The public will get a chance to tour the new LEC this weekend, before any inmates are moved in.
The official open house at the facility will be held on Friday, Sept. 25 and Saturday, Sept. 26. Hours on Friday are 1-8 p.m. and Saturday from 10 a.m.-4 p.m.
Construction on the combination sheriff’s office and jail began in the summer of 2007.
“The county board made the final vote to go ahead with the project in December of 2006,” says Faribault County Auditor/Treasurer John Thompson.
Thompson says the board decided to bond for $10 million for the construction, and take the rest out of the county’s reserves.
“They had built up the levy over a couple of years in anticipation of the project,” Thompson says. “So there was a considerable amount available.”
Thompson says the board originally planned to use $1.2 million of reserves, but the bids were slightly higher than anticipated.
“The board was determined not to bond for over $10 million,” Thompson says. “So our reserves went from really fat to really skinny.”
Thompson adds that some people have been concerned about the number of change orders along the way, but he says there really have not been very many, for a project this size.
“When we did the remodeling of the courthouse years ago, change orders nearly doubled the cost,” he recalls. “With the jail, the additions have not been all that significant.”
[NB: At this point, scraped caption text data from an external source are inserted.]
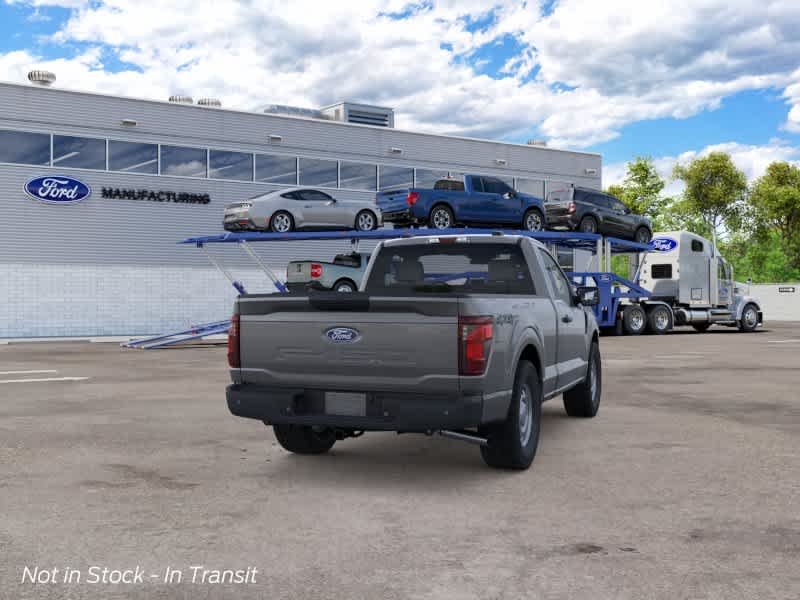 New 2026 Carbonized Gray Metallic Ford XL image 8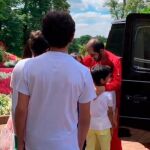 Imagen del vídeo de Fazza difundido en Instagram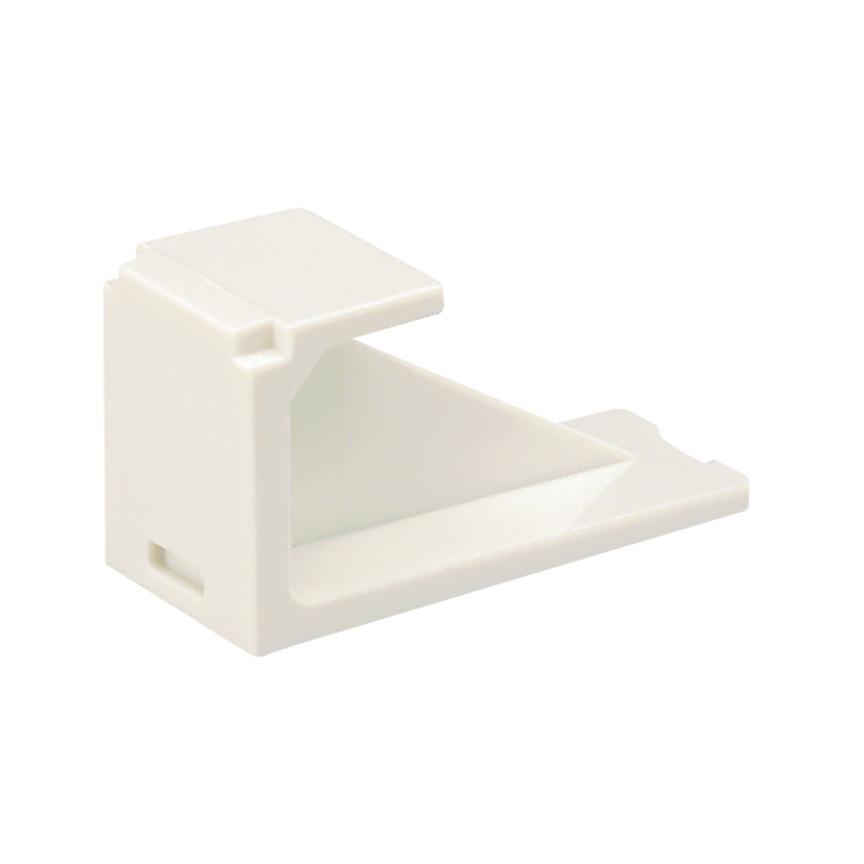 CMBIG-X Mini-Com PanNet Blank Module, 1 Ports, ABS, International Gray
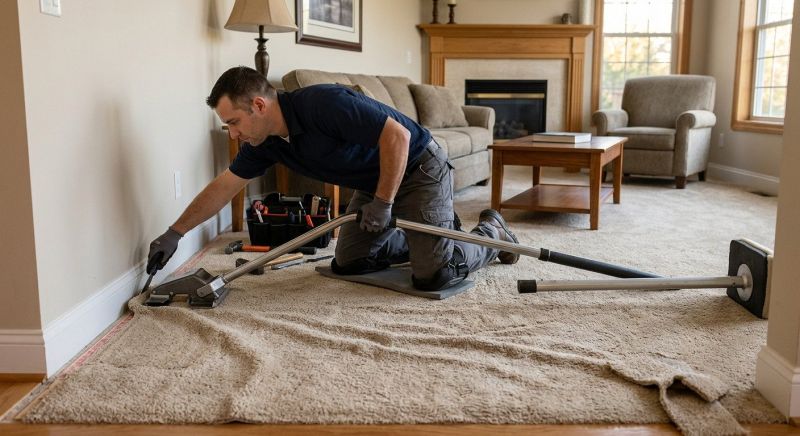 Carpet Tucking in Alpharetta, GA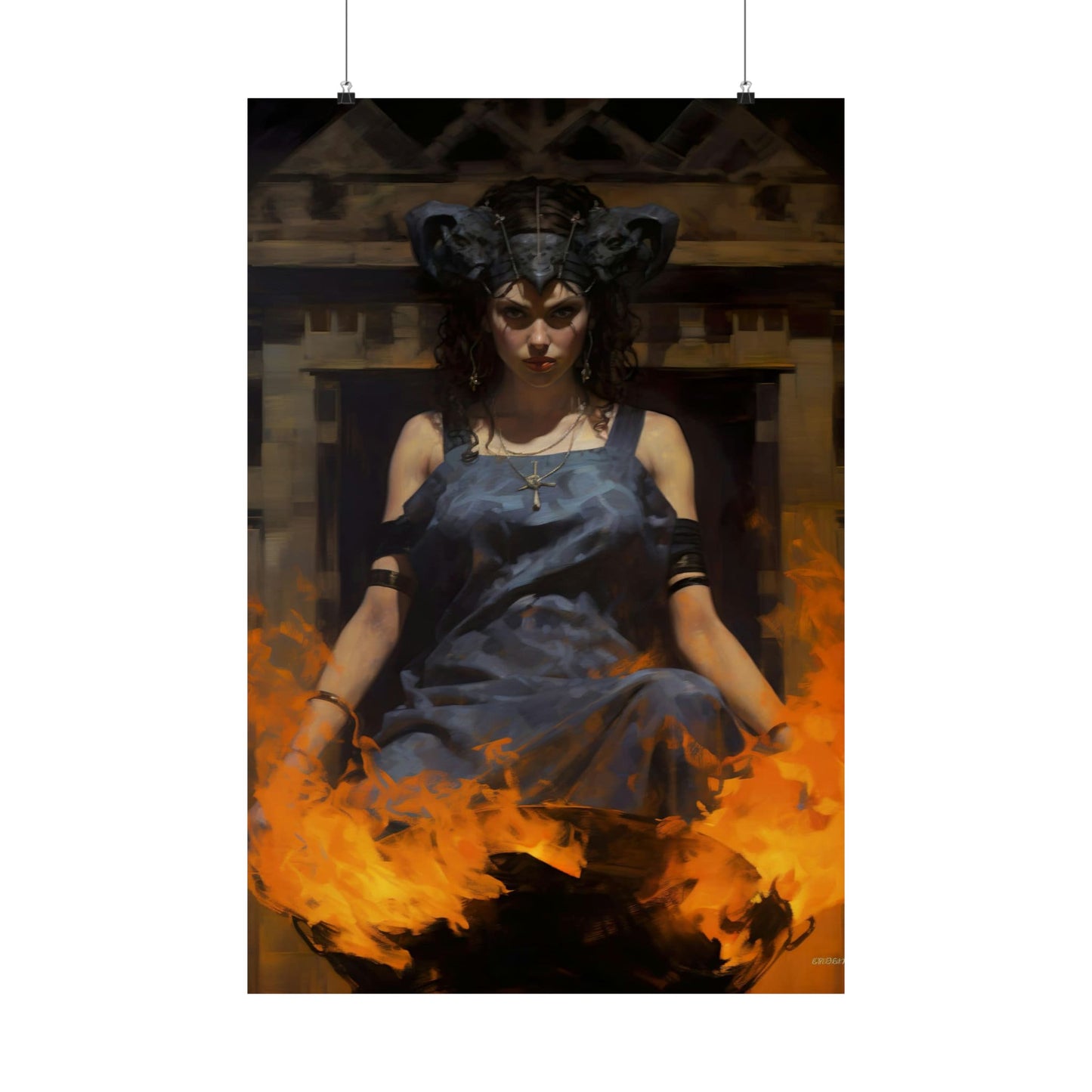 Hestia Art Print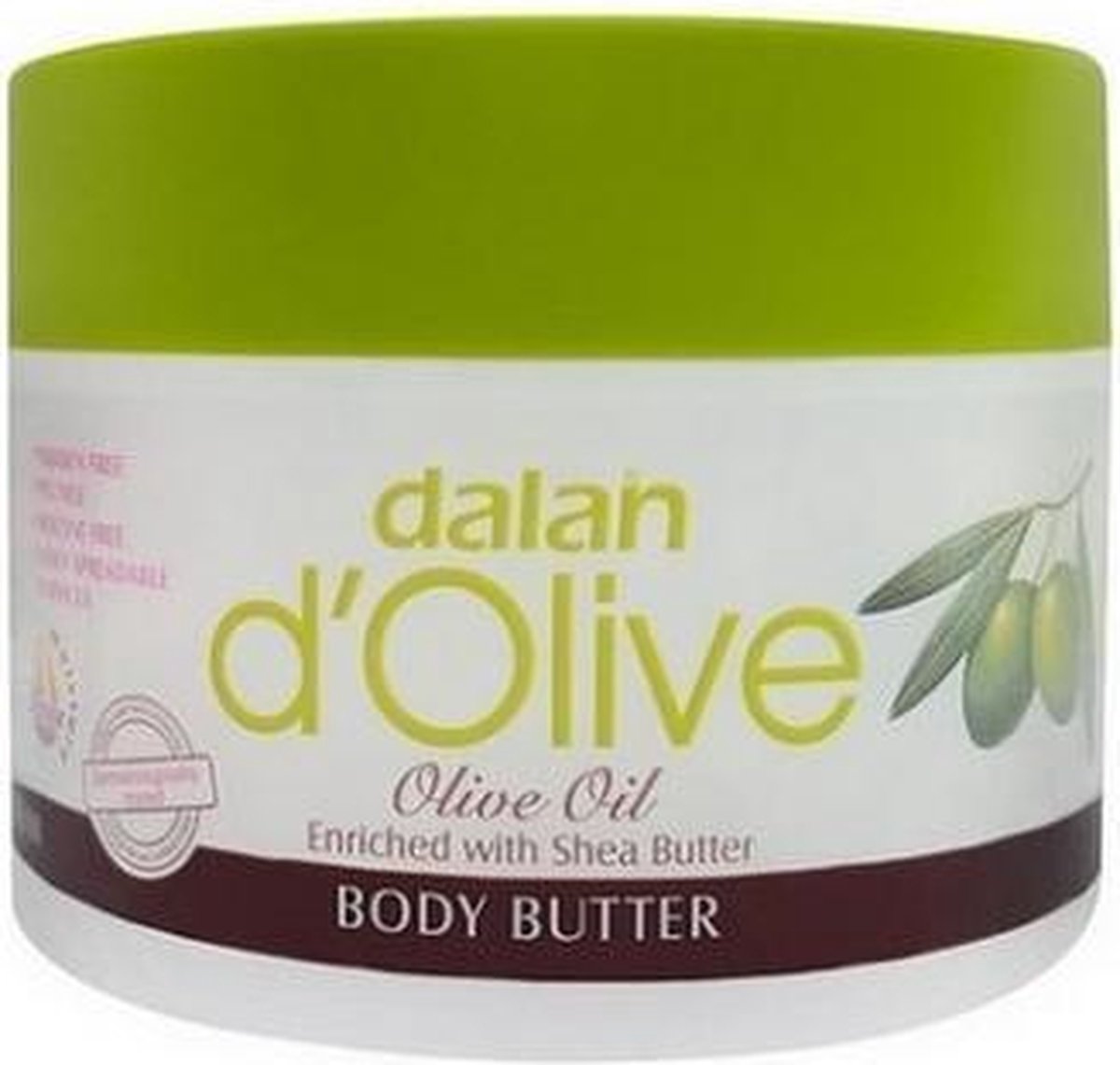 Dalan d&apos;Oliveolie - Body Butter Intensive Care 250 ml - Olijf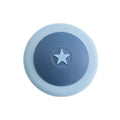 Push Switch Kitchen Sink Filter Deodorizer Cover(Blue)
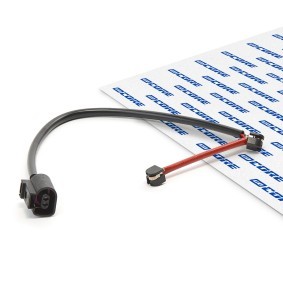 Warnkontakt, Bremsbelagverschleiß für VW von goCORE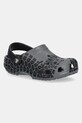 Crocs klapki dziecięce CLASSIC TIRE PRINT CLOG KIDS szary 211261.CROCS.CLASSIC.TI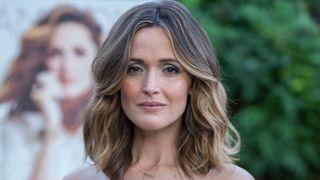 Rose Byrne with butterfly bob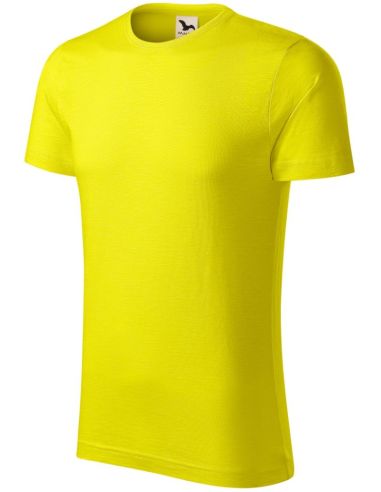 Tričko pánske Native (GOTS) 173 citrónová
He adds that concerns about raising county resident’s property taxes next year, because the LEC is now completed, are unfounded.
“The truth is, the bond repayment has already started, and was built into the taxes payable in 2009, so folks are already paying for it,” he says. “Your taxes will not be any higher next year due to the Law Enforcement Center.”
Thompson also complimented County Sheriff Mike Gormley on a superb job of keeping the jail project on track.
“Yes, it did wind up a few months behind the completion date, but that is not unusual for a project this large,” Thompson says.